-- INFORMATION SUPPLIED follows --

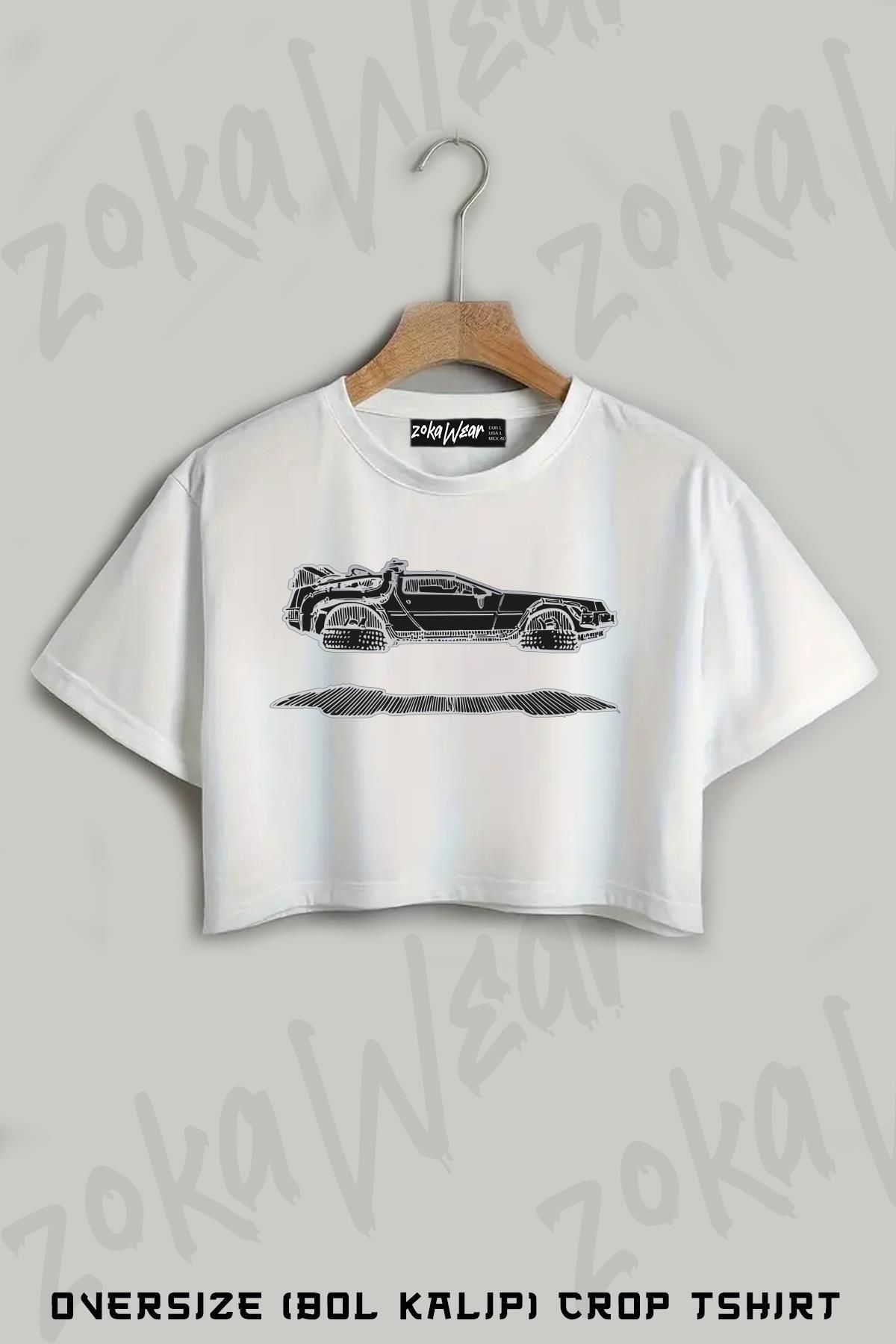 ZOKAWEAR Gelecekteki Arabalar Baskılı Oversize Crop T-Shirt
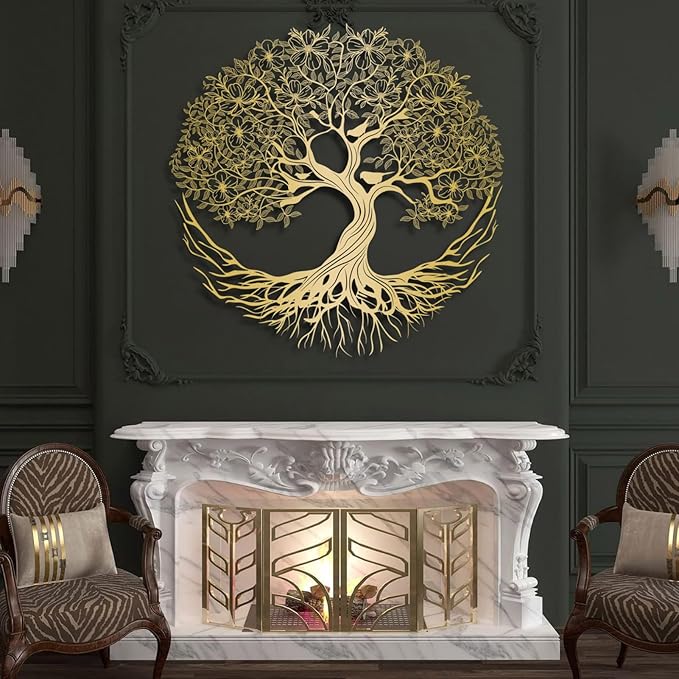 Yemwot Metal Tree of Life Wall Decor, Circle of Life Metal Tree Wall Art, Branch Art, Spiritual Decor, Modern Sculpture Decoration, Living Room Bedroom Decoration (Black-Tree 5, 35"x 35"| 90x90cm)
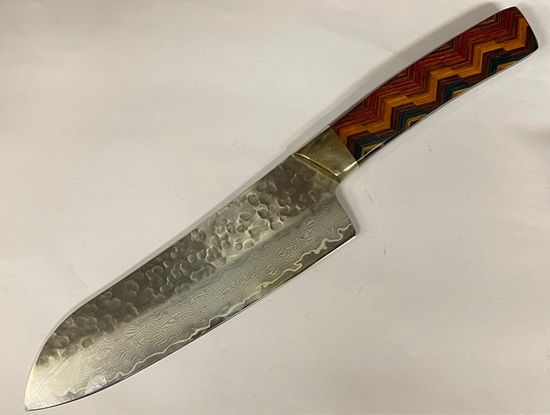 Кухонный нож Santa Fe SF/DKD39HM с клинком из стали Damascus, рукоять дерево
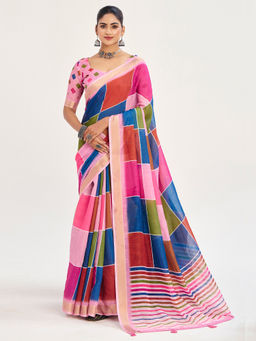 Akhilam - Linen Multicolored Woven Designer Saree with Unstitched Blouse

-- INFORMATION SUPPLIED concluded --

The listing must be repeated word for word, and none of its pictures may appear in the copy.

_EXPECTED ANSWER_:
 ZOKAWEAR Gelecekteki Arabalar Baskılı Oversize Crop T-Shirt
 Yemwot Metal Tree of Life Wall Decor, Circle of Life Metal Tree Wall Art, Branch Art, Spiritual Decor, Modern Sculpture Decoration, Living Room Bedroom Decoration (Black-Tree 5, 35"x 35"| 90x90cm)
 Кухонный нож Santa Fe SF/DKD39HM с клинком из стали Damascus, рукоять дерево
 Akhilam - Linen Multicolored Woven Designer Saree with Unstitched Blouse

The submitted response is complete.